Politically, self-interest abounds. From the EU’s perspective, there are clearly concerns that a UK-friendly deal sets a blueprint for other members to follow suit and start to plan their own exits. The UK, meanwhile, has proposed just that, with proposals for free movement of goods, flexibility regarding services and reduced immigration. This is ‘cherry picking’ in the eyes of the EU. Alternative proposals for a Canada-style deal appear designed to further the leadership case of Tory rebels as much as provide a pragmatic solution.
Recently, I was on a panel debating the potential outcomes, hosted by The Spectator. The discussion was led by broadcaster and journalist, Andrew Neil. Joining me on the panel was James Forsyth (Political Editor at The Spectator), Anna Soubry (the Conservative Member of Parliament for Broxtowe in Nottinghamshire) and Matthew Goodwin (the Professor of Politics at the University of Kent).
The debate was mainly a political one with diverging views on what was happening and why. It was clear that a number of potential outcomes remain on the table: from an agreement as early as November; to a last minute deal; or even a no-deal situation.
This range of possibilities means that the implications for investors and markets remain as diverse as ever. However, there are wider points worth noting:
At present, the market continues to assume that an agreement will be reached. Accordingly, the impact of a no deal could be severe, at least in the short-medium term. The FTSE 100 derives less than a quarter of its earnings from Europe and the corresponding effect of weaker value of Sterling will provide a boost. However, until a new trade regime is established, corporates are likely to suffer.
In the meantime, the UK economy remains broadly on its growth track, primarily because nothing has changed. While Brexit negotiations are important, there are other factors that investors should be looking at that could lead to an economic downturn or help sustain growth.
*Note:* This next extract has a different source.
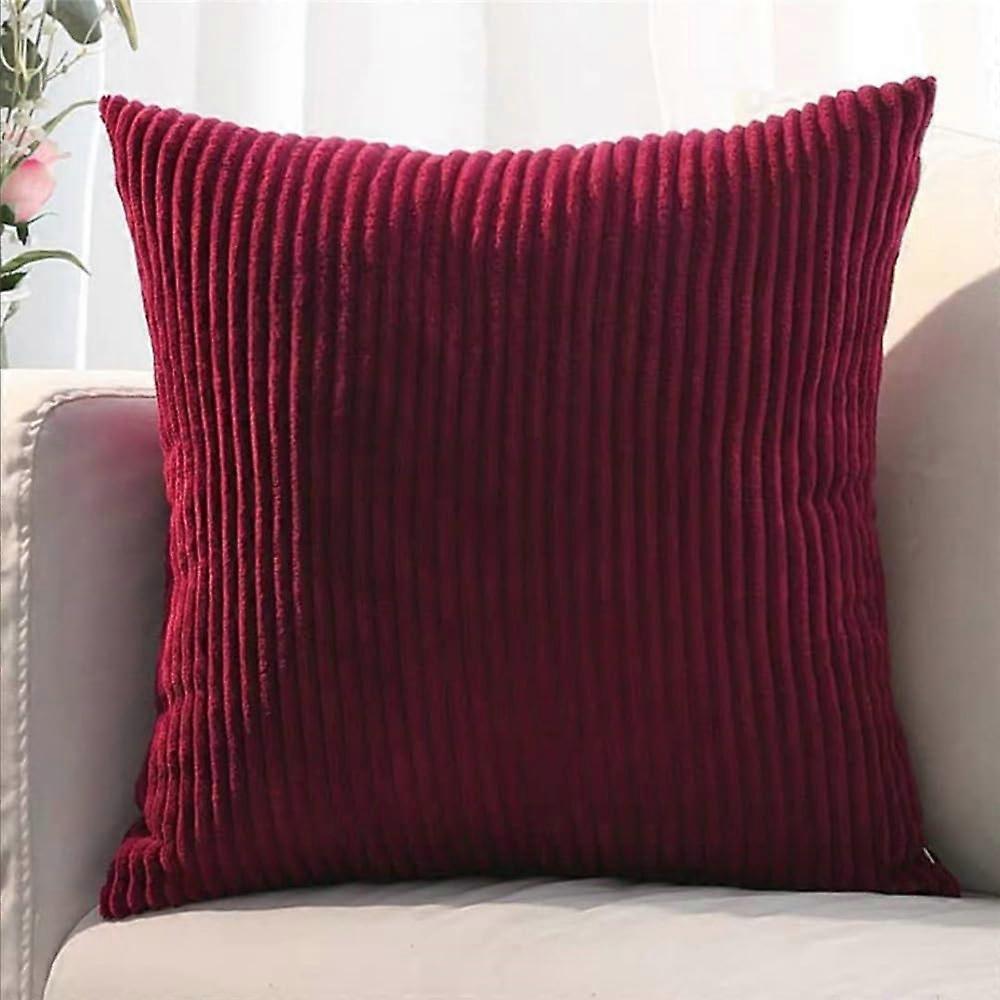 Oversized corduroy pillow with multiple size options, square cushion cover, soft (45*45cm/17.71*17.71in Dark Red)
Mark Carney’s decision to continue his term as Bank of England governor provides continuity for monetary policy.
It’s important that investors do not become too focused on the UK news stream only. There is a lot going on in the rest of the world too. We can see that just in Europe. As Macron’s approval ratings are very low and Merkel has had notable set-backs, the blueprint for further European integration has been postponed. It won’t progress next year either as 2019 will see EU elections take place, and elections are scheduled for lots of member countries too. Italy is also still on a lot of EU agendas for a variety of reasons.
As such for investors, and 7IM portfolios, the story therefore is pretty much the same as before. Our global economic outlook has not changed significantly over the last six months. The global economy remains healthy, with both the US and Europe continuing to grow, while China is due to launch more economic stimulus. The main source of uncertainty for the portfolios comes from the UK.
It means our portfolios continue to be as broadly diversified as possible and positioned to benefit from growth where that exists. For the UK, we are focusing on insulating the portfolios from any sharp moves in the value of Sterling.
In the absence of a crystal ball, the scenario planning we have done means that we are confident that we are able to react whatever happens. So we need to continue to wait, but watch this space!